## WHAT YOU SHOULD DO
Reproduce all the entries exactly and keep the pictures out.

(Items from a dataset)

+++

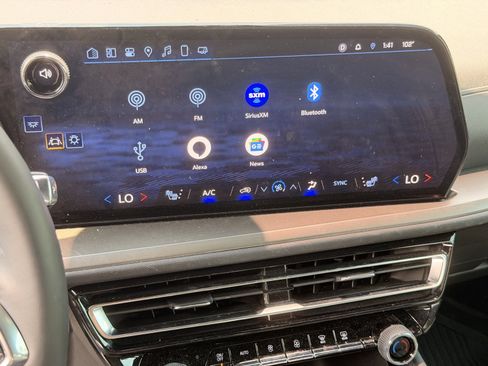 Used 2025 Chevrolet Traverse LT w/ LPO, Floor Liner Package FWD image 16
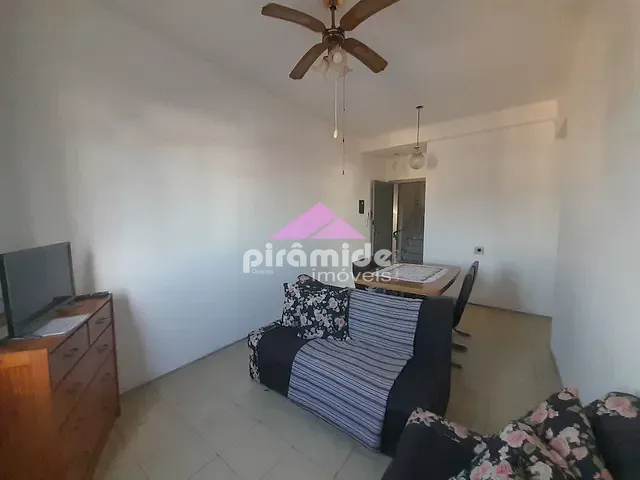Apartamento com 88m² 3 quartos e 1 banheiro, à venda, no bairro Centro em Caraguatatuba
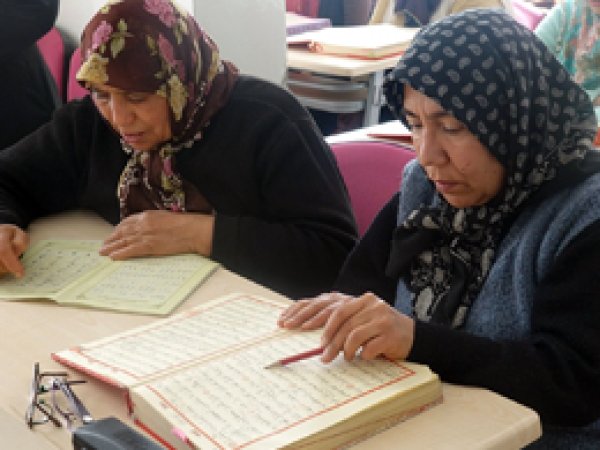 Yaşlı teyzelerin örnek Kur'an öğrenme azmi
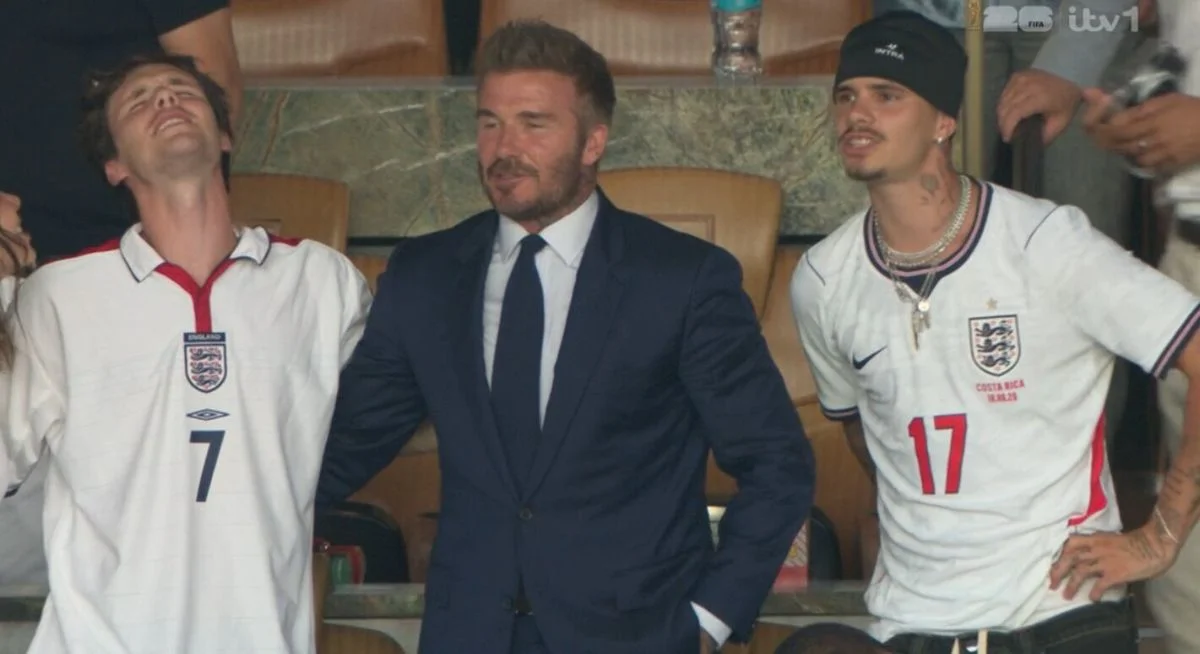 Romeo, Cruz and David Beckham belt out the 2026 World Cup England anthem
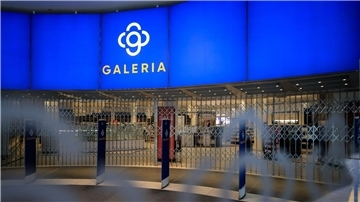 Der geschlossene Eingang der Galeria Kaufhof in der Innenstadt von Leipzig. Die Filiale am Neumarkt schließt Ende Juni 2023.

+++

## OUTPUT FOR THIS TASK
 Used 2025 Chevrolet Traverse LT w/ LPO, Floor Liner Package FWD image 16
Apartamento com 88m² 3 quartos e 1 banheiro, à venda, no bairro Centro em Caraguatatuba
 Yaşlı teyzelerin örnek Kur'an öğrenme azmi
 Romeo, Cruz and David Beckham belt out the 2026 World Cup England anthem
 Der geschlossene Eingang der Galeria Kaufhof in der Innenstadt von Leipzig. Die Filiale am Neumarkt schließt Ende Juni 2023.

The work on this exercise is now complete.